Document Type

Article

Publication Date

2006

Journal

Washington University Law Review

Volume

84

Issue

2

Abstract

Professional sports organizations' relationships with their players are, like other employer-employee relationships, subject to scrutiny under the antidiscrimination mandates embedded in Title VII of the Civil Rights Act of 1964. Professional sports organizations are, however, unique among employers in many respects. Most notably, unlike other employers, professional sports organizations attract avid supporters who identify deeply with the teams and their players. To the extent an organization racially discriminates, therefore, such discrimination creates the risk that fans will identify with the homogenous or racially disproportionate roster that results. The consequences of such race-based team identification are wide-reaching and potentially tragic. Through engaging the race-considered roster construction phenomenon, with particular attention to the discriminatory histories of Major League Baseball's Boston Red Sox and the National Basketball Association's Boston Celtics, this article explores the societal discord race-considered roster construction breeds and Title VII's role in thwarting it.
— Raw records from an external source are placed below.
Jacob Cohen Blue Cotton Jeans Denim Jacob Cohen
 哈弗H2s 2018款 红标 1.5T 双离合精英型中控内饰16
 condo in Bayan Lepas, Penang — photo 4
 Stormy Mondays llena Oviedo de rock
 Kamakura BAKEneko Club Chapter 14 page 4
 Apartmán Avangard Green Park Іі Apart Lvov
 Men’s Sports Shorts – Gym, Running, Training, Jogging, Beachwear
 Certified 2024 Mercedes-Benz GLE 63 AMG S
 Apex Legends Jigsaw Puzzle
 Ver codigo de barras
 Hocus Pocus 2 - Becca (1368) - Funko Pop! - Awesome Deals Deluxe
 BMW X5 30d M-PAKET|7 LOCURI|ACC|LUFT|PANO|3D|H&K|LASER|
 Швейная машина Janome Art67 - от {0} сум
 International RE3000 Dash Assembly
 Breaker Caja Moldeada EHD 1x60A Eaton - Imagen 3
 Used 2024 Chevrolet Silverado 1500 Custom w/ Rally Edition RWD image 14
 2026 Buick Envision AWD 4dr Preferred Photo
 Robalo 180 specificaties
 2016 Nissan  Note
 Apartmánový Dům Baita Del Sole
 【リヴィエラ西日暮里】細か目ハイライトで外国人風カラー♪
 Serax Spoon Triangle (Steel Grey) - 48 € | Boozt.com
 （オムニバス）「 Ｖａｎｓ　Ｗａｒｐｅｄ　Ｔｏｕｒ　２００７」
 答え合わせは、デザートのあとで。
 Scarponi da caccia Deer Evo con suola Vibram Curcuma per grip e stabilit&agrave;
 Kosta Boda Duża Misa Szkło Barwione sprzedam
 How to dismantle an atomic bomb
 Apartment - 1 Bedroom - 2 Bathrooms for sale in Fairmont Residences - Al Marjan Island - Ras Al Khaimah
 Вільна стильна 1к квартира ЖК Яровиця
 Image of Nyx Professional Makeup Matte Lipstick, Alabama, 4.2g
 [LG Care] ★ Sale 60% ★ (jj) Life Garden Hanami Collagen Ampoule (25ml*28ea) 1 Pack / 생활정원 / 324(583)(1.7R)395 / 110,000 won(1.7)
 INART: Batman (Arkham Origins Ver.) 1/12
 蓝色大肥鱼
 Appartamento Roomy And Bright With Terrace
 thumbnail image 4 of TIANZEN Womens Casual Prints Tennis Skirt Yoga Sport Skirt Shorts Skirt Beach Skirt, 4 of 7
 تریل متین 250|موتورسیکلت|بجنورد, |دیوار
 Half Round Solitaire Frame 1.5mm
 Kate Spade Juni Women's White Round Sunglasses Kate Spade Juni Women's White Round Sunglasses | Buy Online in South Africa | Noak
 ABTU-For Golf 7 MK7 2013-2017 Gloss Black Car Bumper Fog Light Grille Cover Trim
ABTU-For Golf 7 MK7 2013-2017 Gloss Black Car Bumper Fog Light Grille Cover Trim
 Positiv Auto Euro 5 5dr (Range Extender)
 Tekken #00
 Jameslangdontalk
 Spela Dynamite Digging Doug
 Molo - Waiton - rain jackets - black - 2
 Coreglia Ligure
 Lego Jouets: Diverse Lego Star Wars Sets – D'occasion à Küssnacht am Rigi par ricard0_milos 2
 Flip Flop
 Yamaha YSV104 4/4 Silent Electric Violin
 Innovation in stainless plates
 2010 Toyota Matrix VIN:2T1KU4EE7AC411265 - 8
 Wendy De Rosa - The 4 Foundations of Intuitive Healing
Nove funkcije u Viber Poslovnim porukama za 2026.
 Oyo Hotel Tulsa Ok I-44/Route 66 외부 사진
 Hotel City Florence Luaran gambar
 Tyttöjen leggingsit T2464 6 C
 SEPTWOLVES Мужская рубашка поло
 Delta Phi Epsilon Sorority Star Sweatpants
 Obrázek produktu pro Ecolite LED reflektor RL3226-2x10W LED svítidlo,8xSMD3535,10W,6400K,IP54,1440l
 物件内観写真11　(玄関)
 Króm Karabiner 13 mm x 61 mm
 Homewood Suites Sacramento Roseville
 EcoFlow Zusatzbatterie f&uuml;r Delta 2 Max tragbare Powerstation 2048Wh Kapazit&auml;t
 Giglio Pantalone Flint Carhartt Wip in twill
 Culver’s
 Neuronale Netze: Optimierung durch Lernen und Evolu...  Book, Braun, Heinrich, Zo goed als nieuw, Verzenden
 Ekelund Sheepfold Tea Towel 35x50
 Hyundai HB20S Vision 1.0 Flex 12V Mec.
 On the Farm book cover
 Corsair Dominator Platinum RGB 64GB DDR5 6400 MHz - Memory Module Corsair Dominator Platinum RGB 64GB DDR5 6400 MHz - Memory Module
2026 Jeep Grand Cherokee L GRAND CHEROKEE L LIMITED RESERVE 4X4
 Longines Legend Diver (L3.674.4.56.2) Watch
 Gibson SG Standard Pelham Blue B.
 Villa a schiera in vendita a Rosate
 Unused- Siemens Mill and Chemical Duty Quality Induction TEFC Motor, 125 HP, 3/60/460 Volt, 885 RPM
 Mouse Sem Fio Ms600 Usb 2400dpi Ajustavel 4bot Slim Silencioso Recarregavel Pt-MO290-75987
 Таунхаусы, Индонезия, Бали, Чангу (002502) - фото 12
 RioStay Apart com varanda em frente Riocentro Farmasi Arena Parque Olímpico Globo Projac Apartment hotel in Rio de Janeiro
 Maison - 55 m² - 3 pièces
As the construction of Major League Baseball's 2005 New York Mets suggests, however, race-considered roster construction may favor non-white players, just as it has traditionally favored white players. As such, this article also explores Title VII's application to such race-considered roster construction, the extent to which developing affirmative action jurisprudence might shield this form of race-considered roster construction from Title VII liability, and whether Title VII's inapplicability in this context would result in the aforementioned negative societal consequences.